** TASK TO COMPLETE **
Output, without any change, the listing below from its opening line up to and including the line with "Paco lamiendo a Arya".

** ENTRIES PROVIDED **
__________

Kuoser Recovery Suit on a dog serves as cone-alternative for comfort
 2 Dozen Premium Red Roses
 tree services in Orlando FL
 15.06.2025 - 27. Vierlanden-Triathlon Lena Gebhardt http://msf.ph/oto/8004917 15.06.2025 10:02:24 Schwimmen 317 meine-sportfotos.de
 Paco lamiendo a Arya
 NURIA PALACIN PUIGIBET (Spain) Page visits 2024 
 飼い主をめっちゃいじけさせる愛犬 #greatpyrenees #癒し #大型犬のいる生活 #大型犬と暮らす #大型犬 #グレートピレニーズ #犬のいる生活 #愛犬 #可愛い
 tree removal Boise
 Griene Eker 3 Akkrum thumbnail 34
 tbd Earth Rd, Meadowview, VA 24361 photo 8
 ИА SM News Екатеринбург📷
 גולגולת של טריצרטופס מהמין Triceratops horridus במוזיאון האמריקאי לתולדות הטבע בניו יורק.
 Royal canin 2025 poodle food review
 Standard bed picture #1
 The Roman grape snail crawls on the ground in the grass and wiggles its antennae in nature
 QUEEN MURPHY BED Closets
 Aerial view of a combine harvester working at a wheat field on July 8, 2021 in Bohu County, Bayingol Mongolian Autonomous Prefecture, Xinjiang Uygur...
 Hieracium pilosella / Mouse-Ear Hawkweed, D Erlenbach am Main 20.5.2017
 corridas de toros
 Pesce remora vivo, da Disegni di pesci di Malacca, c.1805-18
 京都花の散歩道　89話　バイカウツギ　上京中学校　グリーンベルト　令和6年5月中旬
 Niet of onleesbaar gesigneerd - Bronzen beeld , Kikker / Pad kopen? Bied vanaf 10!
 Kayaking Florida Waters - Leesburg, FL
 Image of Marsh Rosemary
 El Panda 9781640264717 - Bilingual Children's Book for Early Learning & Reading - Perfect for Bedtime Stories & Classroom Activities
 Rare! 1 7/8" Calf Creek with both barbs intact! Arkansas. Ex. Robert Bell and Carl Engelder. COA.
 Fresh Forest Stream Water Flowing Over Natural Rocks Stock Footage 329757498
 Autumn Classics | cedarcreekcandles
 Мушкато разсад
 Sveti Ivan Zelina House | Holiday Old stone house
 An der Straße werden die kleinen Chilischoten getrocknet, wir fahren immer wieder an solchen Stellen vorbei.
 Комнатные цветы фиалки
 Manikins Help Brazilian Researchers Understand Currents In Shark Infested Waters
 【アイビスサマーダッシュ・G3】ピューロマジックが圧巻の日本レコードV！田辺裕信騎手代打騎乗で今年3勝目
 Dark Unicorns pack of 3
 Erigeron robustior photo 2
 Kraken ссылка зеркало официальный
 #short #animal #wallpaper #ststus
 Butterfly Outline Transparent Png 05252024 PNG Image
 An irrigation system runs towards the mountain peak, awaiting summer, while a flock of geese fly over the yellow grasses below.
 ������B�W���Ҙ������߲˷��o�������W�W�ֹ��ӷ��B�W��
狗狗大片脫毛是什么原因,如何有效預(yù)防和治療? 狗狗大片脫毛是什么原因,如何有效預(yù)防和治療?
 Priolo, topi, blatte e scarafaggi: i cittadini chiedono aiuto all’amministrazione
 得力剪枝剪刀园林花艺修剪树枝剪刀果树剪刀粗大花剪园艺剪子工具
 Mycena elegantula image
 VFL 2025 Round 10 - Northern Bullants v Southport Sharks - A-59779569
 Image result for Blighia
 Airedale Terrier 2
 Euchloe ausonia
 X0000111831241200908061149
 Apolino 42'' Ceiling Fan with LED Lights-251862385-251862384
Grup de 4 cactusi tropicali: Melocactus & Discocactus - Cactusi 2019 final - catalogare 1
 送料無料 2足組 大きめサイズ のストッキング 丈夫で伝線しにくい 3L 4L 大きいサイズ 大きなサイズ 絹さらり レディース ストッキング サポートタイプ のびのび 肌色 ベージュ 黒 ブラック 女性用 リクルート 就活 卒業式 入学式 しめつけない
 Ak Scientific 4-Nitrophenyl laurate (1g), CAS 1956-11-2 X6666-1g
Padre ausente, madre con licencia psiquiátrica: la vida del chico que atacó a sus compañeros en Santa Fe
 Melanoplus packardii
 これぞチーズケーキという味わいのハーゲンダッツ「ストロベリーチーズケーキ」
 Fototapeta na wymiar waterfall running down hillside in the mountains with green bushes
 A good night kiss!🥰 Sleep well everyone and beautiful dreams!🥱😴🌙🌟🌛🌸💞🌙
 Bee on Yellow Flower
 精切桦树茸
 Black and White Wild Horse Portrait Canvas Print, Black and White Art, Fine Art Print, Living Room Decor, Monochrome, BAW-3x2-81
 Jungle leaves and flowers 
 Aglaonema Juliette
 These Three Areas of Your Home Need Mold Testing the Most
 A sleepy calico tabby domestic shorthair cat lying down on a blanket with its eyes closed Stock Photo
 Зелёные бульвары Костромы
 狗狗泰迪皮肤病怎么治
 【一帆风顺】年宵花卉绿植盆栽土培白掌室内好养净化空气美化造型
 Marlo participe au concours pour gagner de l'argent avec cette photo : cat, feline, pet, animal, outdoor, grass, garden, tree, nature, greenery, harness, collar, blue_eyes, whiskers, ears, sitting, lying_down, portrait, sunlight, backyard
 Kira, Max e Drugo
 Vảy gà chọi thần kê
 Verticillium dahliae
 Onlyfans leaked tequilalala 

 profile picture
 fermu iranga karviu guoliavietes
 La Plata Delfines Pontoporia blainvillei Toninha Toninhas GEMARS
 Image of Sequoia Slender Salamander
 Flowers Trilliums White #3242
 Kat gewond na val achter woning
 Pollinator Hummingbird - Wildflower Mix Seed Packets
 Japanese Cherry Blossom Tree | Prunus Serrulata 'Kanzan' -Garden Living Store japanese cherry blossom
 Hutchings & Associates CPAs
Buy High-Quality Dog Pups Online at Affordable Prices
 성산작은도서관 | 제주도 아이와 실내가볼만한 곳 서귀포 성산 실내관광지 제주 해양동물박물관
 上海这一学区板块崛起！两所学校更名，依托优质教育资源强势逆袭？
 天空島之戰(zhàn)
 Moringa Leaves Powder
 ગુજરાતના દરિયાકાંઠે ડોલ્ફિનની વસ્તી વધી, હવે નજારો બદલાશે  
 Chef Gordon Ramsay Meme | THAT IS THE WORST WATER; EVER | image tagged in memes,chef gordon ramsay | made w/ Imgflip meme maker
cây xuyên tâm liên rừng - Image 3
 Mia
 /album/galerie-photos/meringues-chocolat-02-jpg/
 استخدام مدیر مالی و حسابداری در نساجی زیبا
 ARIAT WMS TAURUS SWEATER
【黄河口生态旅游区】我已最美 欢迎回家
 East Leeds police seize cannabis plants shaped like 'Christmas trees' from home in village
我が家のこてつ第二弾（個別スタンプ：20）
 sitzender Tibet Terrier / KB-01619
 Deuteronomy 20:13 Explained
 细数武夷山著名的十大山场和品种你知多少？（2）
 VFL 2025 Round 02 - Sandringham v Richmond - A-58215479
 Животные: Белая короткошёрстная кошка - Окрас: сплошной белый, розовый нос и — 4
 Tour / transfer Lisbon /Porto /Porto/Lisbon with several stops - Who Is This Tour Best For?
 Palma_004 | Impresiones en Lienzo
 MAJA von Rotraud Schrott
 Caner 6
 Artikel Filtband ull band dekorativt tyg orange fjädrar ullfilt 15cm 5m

__________

** OUTPUT BELOW **
Kuoser Recovery Suit on a dog serves as cone-alternative for comfort
 2 Dozen Premium Red Roses
 tree services in Orlando FL
 15.06.2025 - 27. Vierlanden-Triathlon Lena Gebhardt http://msf.ph/oto/8004917 15.06.2025 10:02:24 Schwimmen 317 meine-sportfotos.de
 Paco lamiendo a Arya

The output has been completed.